● **How to complete this task**: Below is a listing with pictures in it. Copy it exactly without them.

● **Provided material**:
========================

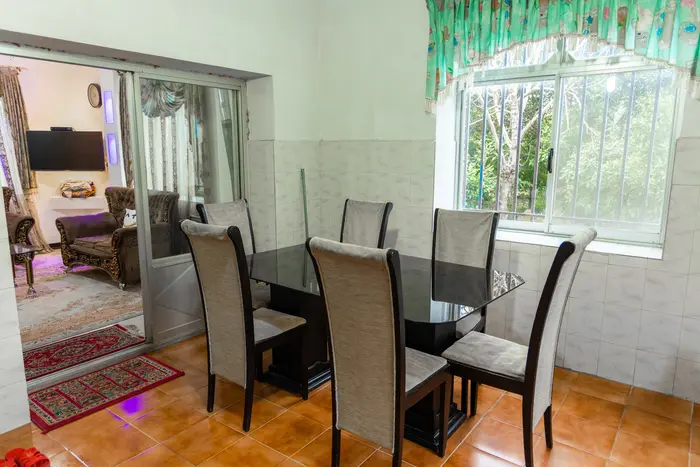 ویلا سه خوابه جنگلی استخردار آبگرم غنمی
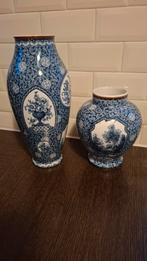 Twee antieke Delfts blauw vazen zie omschrijving, Antiek en Kunst, Ophalen of Verzenden
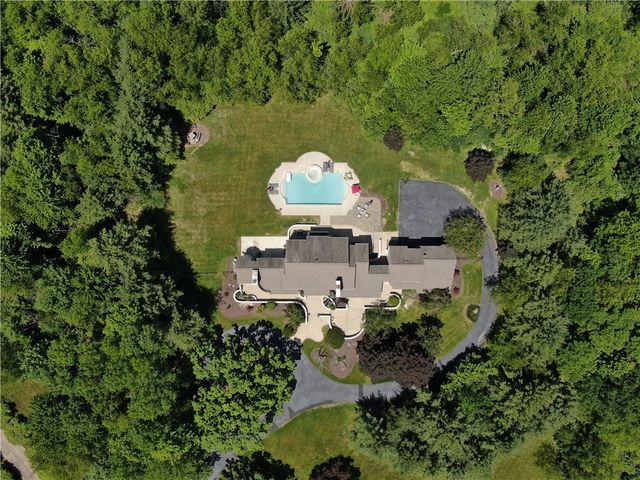 3473 Palomino Dr, Pine Twp, PA 15044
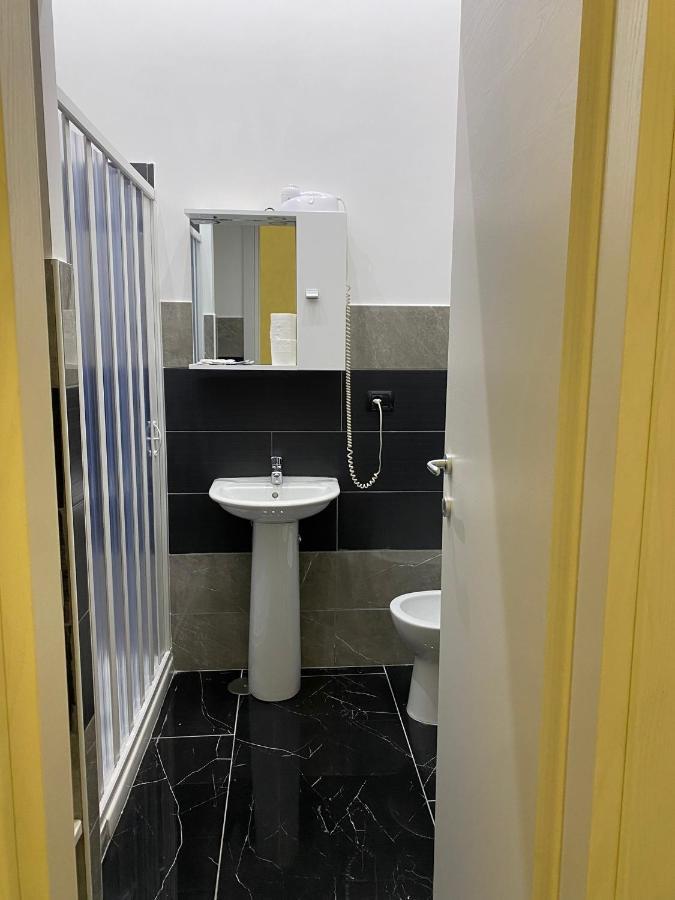 Savastano House Hotel Naples Luaran gambar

========================

● **Solution**:
 ویلا سه خوابه جنگلی استخردار آبگرم غنمی
 Twee antieke Delfts blauw vazen zie omschrijving, Antiek en Kunst, Ophalen of Verzenden
 3473 Palomino Dr, Pine Twp, PA 15044
 Savastano House Hotel Naples Luaran gambar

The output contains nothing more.